=== RECORDS SUPPLIED ===

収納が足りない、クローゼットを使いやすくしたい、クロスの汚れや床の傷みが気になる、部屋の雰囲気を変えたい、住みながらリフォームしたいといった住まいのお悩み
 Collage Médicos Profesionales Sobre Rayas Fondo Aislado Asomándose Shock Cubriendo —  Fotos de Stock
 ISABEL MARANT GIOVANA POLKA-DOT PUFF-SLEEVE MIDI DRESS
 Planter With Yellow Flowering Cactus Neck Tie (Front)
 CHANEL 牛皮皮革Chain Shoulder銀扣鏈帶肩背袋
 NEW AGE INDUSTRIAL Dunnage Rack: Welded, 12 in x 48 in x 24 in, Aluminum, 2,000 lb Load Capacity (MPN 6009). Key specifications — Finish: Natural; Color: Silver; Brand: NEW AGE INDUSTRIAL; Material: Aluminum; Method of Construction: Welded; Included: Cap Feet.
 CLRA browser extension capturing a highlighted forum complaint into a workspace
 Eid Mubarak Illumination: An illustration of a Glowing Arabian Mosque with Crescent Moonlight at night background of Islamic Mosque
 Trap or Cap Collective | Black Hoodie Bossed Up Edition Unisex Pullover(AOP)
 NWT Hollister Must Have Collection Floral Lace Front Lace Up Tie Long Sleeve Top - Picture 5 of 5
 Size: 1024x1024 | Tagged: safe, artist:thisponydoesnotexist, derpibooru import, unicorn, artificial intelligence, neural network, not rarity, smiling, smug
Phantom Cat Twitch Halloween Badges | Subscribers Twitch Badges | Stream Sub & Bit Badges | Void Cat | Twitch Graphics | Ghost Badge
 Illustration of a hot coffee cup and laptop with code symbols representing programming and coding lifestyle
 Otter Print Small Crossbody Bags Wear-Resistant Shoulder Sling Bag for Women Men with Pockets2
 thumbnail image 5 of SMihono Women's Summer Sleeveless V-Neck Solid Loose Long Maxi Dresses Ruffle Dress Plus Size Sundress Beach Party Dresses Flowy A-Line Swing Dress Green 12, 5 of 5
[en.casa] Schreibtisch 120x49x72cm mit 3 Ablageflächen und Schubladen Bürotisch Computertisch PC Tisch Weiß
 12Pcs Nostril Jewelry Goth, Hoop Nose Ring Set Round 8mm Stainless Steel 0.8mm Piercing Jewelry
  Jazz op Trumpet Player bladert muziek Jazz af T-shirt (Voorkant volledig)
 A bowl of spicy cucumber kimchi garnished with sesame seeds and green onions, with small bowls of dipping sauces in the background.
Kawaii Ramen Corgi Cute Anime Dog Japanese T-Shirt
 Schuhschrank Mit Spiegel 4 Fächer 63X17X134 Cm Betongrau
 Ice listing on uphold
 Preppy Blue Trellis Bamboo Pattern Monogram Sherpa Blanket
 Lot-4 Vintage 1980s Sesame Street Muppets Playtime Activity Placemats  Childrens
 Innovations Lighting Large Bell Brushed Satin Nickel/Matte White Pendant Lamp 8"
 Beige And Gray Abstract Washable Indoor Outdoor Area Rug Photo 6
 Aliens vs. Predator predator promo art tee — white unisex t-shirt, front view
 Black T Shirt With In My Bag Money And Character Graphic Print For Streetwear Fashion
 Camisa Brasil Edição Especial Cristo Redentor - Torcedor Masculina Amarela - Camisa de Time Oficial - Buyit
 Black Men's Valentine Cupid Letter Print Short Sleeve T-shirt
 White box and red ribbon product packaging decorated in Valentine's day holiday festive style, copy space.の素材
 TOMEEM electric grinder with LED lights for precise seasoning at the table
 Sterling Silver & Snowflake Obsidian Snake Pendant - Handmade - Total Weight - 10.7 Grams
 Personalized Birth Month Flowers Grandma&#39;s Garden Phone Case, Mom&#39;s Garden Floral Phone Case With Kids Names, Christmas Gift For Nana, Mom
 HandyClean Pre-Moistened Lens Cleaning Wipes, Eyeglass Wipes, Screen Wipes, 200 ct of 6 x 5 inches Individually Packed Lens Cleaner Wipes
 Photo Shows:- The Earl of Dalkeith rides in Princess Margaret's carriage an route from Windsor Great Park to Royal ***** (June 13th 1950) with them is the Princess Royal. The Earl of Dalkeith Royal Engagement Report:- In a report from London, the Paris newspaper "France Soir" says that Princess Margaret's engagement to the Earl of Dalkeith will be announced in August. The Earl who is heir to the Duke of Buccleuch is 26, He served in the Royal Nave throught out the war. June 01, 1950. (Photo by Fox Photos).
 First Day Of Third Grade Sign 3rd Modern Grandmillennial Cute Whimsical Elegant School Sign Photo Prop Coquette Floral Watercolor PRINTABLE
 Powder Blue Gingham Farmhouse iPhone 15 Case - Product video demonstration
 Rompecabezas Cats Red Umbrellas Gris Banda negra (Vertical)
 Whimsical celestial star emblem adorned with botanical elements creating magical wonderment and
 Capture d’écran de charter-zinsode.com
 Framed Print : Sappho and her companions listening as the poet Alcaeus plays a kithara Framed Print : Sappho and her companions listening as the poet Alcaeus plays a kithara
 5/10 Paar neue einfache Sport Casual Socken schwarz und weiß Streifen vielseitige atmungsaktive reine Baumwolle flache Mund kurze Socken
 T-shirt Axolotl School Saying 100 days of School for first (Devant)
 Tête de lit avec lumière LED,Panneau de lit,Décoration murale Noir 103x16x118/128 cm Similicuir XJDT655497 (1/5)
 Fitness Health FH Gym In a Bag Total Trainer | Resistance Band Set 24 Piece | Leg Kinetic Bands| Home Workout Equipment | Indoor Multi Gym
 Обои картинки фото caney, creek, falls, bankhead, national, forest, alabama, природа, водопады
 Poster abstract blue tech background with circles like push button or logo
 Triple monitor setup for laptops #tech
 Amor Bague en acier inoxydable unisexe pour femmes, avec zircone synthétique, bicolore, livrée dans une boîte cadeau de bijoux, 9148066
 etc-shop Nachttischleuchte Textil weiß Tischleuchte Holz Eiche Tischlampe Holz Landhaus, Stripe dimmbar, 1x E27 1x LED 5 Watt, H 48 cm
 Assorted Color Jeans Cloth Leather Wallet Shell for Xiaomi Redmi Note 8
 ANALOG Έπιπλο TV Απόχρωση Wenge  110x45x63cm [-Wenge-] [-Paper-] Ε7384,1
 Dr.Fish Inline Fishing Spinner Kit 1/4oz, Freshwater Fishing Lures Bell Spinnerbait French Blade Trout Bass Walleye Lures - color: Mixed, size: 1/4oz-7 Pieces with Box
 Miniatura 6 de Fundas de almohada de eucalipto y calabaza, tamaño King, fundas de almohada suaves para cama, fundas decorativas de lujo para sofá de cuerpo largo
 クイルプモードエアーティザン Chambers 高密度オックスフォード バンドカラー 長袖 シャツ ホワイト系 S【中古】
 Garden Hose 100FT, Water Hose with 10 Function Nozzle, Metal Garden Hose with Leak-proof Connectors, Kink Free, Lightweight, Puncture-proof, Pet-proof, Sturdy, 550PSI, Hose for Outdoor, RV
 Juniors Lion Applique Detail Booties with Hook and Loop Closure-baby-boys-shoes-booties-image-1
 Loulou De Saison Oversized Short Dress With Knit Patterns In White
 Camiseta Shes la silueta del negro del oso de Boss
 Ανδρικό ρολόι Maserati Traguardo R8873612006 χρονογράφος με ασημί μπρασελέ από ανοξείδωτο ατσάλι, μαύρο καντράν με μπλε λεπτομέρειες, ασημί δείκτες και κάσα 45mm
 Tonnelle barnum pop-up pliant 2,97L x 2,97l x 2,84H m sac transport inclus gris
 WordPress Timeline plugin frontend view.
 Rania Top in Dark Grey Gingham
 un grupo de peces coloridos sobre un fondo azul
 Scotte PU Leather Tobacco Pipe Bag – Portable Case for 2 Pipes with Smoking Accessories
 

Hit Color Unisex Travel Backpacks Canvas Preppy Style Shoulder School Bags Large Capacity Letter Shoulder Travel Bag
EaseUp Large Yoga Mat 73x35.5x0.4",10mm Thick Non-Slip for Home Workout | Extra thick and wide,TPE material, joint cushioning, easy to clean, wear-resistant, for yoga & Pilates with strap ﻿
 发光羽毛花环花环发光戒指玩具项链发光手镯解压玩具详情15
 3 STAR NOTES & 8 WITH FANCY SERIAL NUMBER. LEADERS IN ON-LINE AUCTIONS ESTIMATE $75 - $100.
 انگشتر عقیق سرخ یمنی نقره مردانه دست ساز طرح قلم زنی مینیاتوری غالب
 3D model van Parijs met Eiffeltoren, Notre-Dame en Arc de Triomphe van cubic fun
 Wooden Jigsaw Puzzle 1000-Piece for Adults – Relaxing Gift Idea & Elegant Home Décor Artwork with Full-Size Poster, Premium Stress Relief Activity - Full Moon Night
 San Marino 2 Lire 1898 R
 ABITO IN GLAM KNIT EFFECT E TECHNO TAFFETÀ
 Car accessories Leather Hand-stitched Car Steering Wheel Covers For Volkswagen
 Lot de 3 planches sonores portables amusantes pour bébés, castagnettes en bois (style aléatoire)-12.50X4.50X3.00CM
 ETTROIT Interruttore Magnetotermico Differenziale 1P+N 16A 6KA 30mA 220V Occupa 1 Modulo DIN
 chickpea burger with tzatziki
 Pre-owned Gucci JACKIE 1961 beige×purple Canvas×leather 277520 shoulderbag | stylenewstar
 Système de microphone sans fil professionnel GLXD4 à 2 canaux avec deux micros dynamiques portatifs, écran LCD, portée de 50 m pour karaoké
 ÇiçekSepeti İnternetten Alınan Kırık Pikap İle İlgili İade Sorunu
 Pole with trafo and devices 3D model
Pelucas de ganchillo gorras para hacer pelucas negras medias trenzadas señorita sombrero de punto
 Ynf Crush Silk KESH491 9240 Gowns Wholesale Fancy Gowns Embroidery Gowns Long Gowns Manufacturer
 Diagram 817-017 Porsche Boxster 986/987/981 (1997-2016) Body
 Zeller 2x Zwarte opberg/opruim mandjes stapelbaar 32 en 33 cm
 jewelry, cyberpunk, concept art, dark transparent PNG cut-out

===

• [INSTRUCTIONS TO FOLLOW] Starting from the line with "San Marino 2 Lire 1898 R", write out every remaining line of the data above exactly, the final line included, and nothing before it.

• [EXERCISE SOLUTION]
 San Marino 2 Lire 1898 R
 ABITO IN GLAM KNIT EFFECT E TECHNO TAFFETÀ
 Car accessories Leather Hand-stitched Car Steering Wheel Covers For Volkswagen
 Lot de 3 planches sonores portables amusantes pour bébés, castagnettes en bois (style aléatoire)-12.50X4.50X3.00CM
 ETTROIT Interruttore Magnetotermico Differenziale 1P+N 16A 6KA 30mA 220V Occupa 1 Modulo DIN
 chickpea burger with tzatziki
 Pre-owned Gucci JACKIE 1961 beige×purple Canvas×leather 277520 shoulderbag | stylenewstar
 Système de microphone sans fil professionnel GLXD4 à 2 canaux avec deux micros dynamiques portatifs, écran LCD, portée de 50 m pour karaoké
 ÇiçekSepeti İnternetten Alınan Kırık Pikap İle İlgili İade Sorunu
 Pole with trafo and devices 3D model
Pelucas de ganchillo gorras para hacer pelucas negras medias trenzadas señorita sombrero de punto
 Ynf Crush Silk KESH491 9240 Gowns Wholesale Fancy Gowns Embroidery Gowns Long Gowns Manufacturer
 Diagram 817-017 Porsche Boxster 986/987/981 (1997-2016) Body
 Zeller 2x Zwarte opberg/opruim mandjes stapelbaar 32 en 33 cm
 jewelry, cyberpunk, concept art, dark transparent PNG cut-out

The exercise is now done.